Given data>
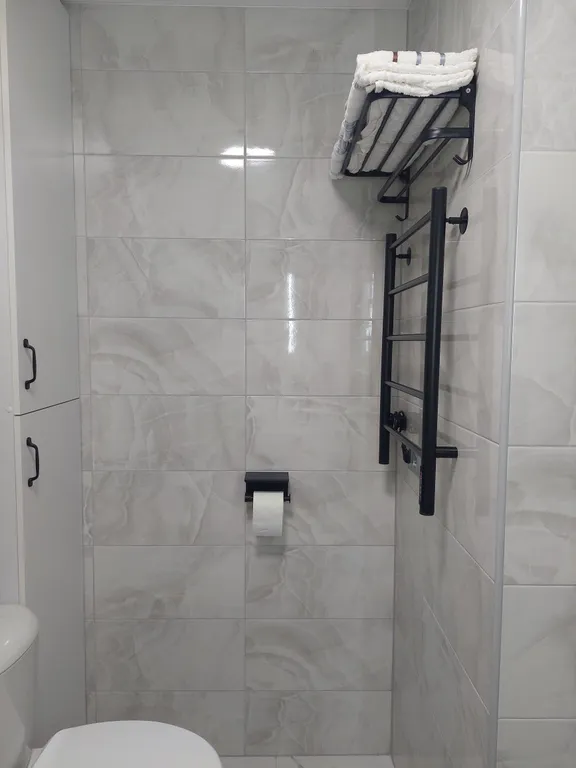 Уютная студия после ремонта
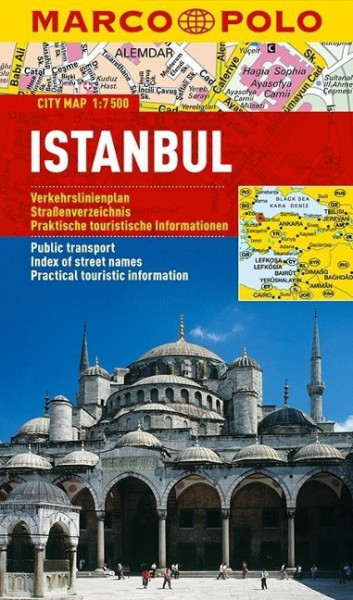 MARCO POLO Cityplan Istanbul 1 : 7 500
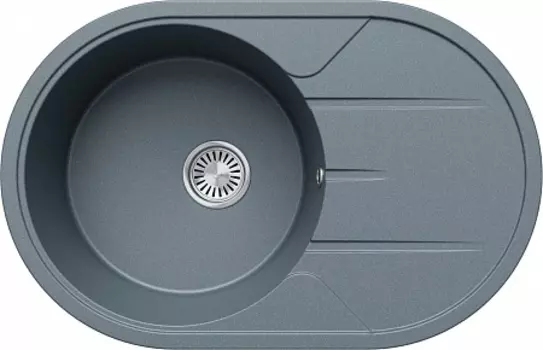 Кухонная мойка TOLERO Classic R-116 Грей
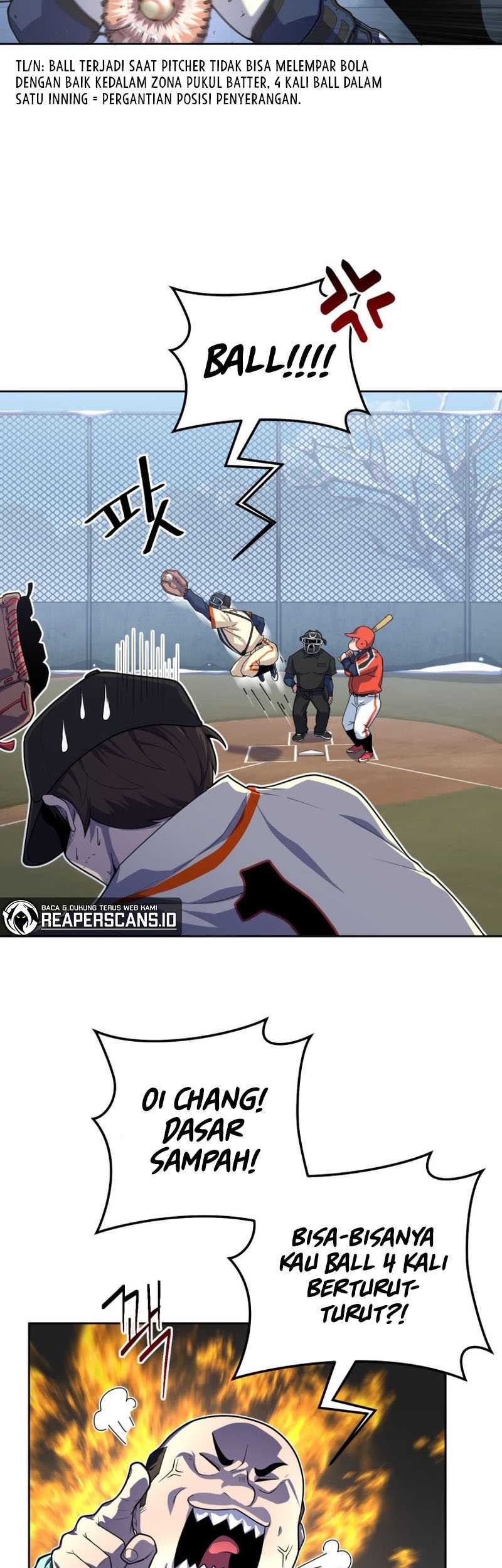 King of the Mound Chapter 3 - halaman 24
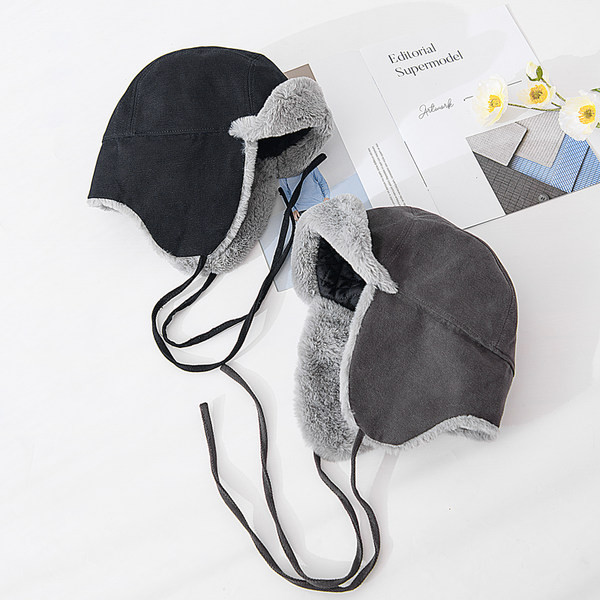 Ανδρικό καπέλο casual με κορδόνια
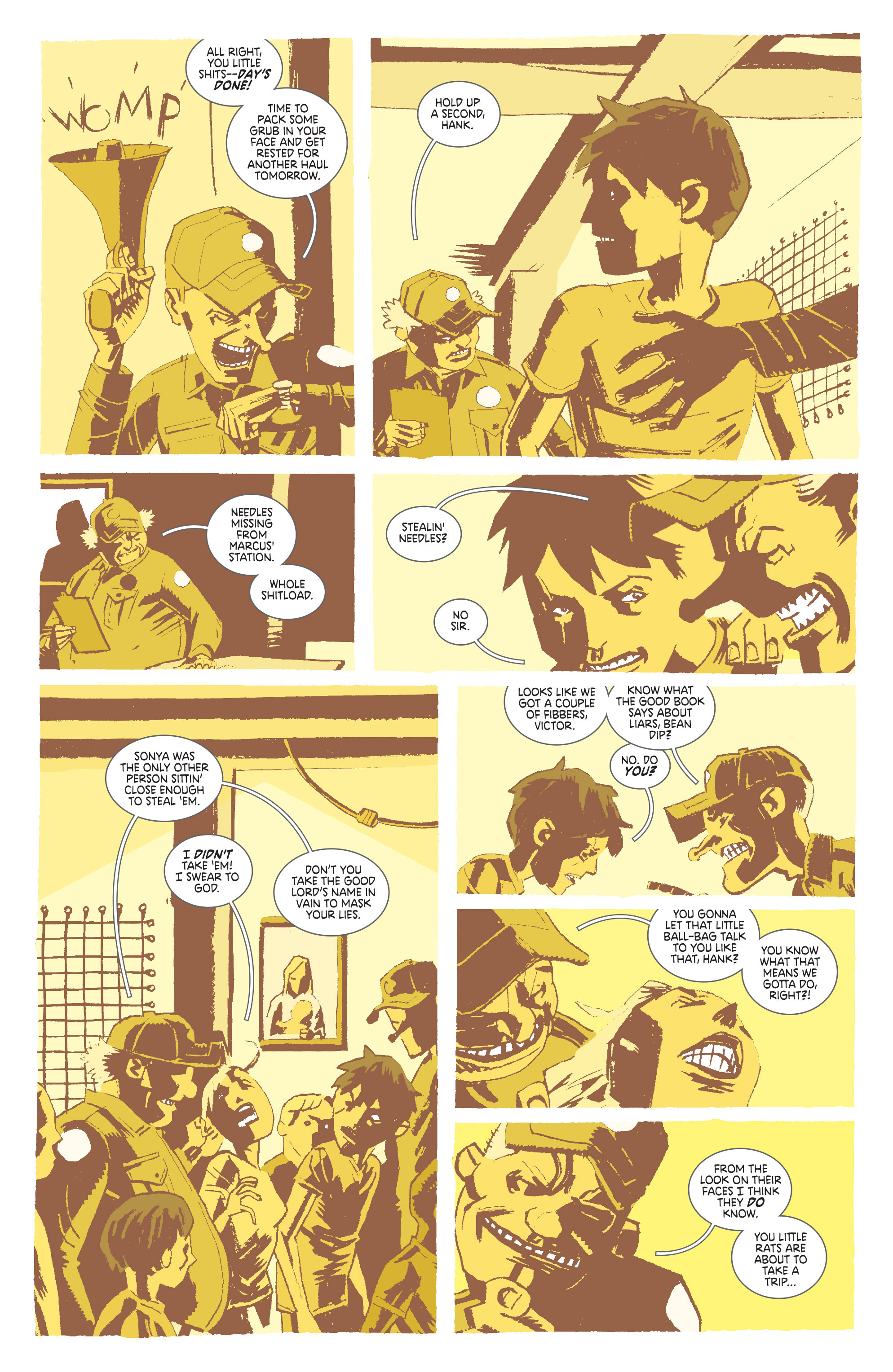 Read online Deadly Class comic -  Issue # _TPB 2 - 38
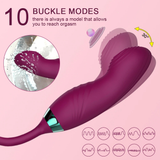 Sucking Vibrator in Form Rose For Women / Dildo and Stimulation Clitoris / Adult Sex Toys - EVE's SECRETS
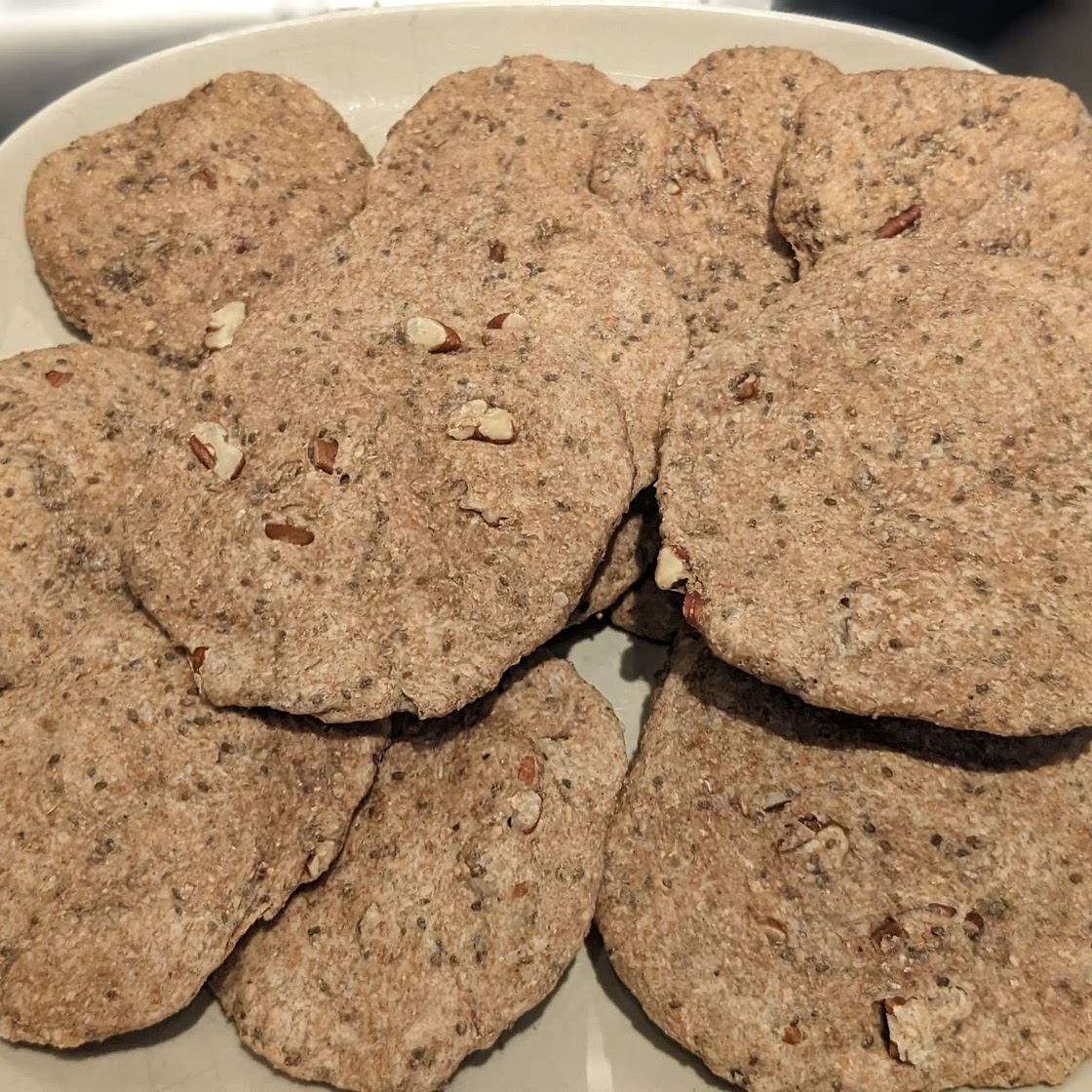 Simple Ayurvedic Recipe: Cookies to calm vata — Hale Pule Ayurveda & Yoga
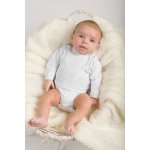 JOŽÁNEK Kojenecké body s dlouhým rukávem bílé Bílá – Hledejceny.cz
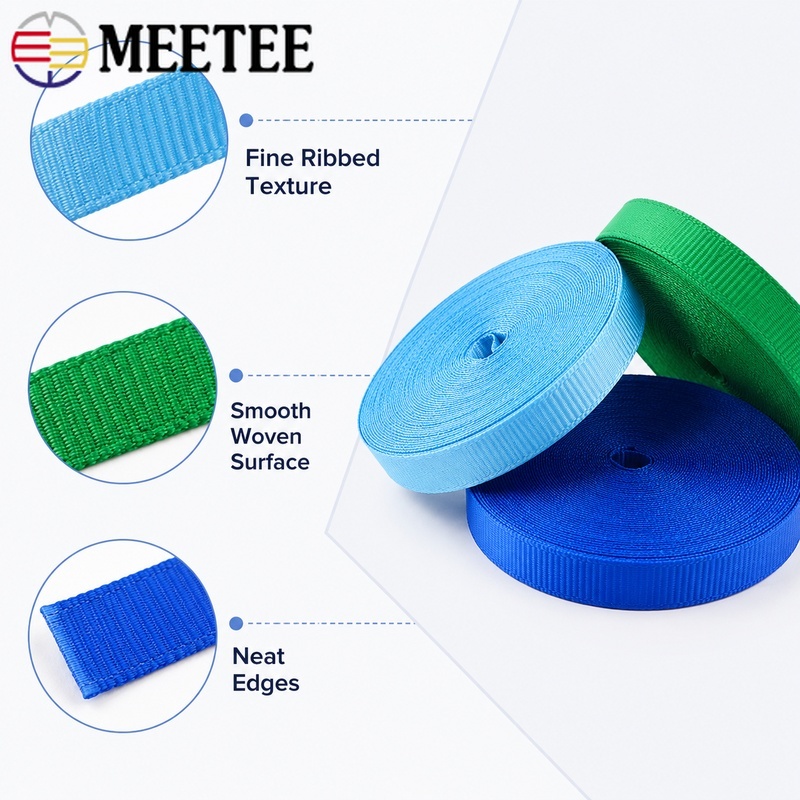 45Meters 10mm Nylon Webbing Ri - Sewing Id ulasan dan harga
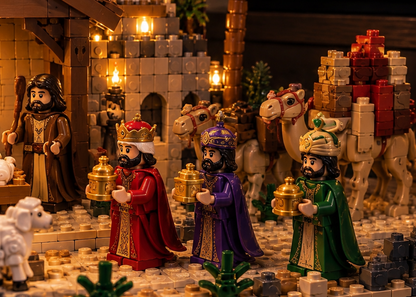 Advent Bricks™️ Nativity Set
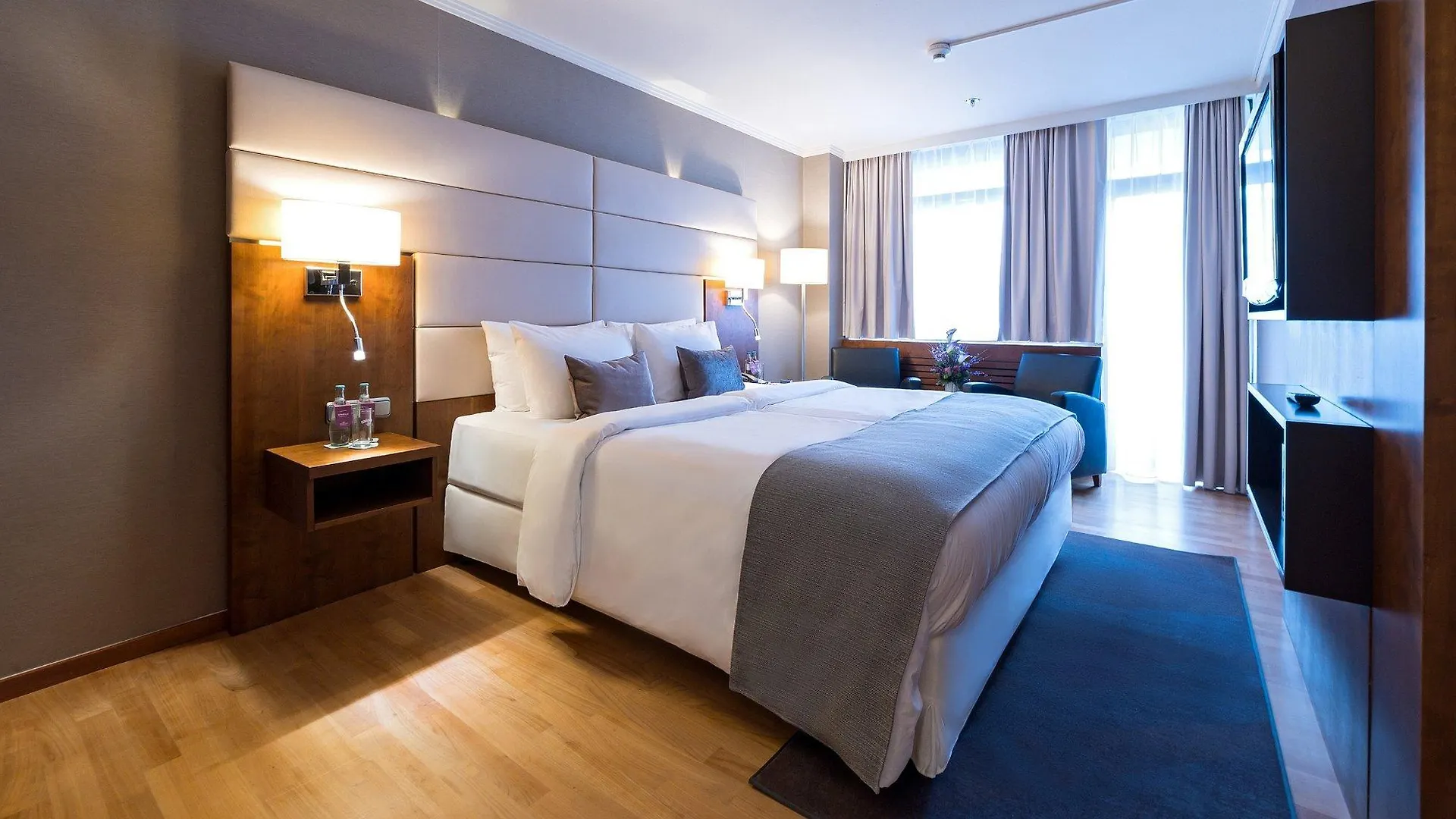 ****  Crowne Plaza Frankfurt Congress Hotel By Ihg Frankfurt am Main Almanya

Exercise directions>
Transcribe every line from the records above without alteration, and leave out the images.

The completed task>
 Уютная студия после ремонта
 MARCO POLO Cityplan Istanbul 1 : 7 500
 Кухонная мойка TOLERO Classic R-116 Грей
 King of the Mound Chapter 3 - halaman 24
 Ανδρικό καπέλο casual με κορδόνια
 Read online Deadly Class comic -  Issue # _TPB 2 - 38
 Sucking Vibrator in Form Rose For Women / Dildo and Stimulation Clitoris / Adult Sex Toys - EVE's SECRETS
 Simple Ayurvedic Recipe: Cookies to calm vata — Hale Pule Ayurveda & Yoga
 JOŽÁNEK Kojenecké body s dlouhým rukávem bílé Bílá – Hledejceny.cz
 45Meters 10mm Nylon Webbing Ri - Sewing Id ulasan dan harga
 Advent Bricks™️ Nativity Set
 ****  Crowne Plaza Frankfurt Congress Hotel By Ihg Frankfurt am Main Almanya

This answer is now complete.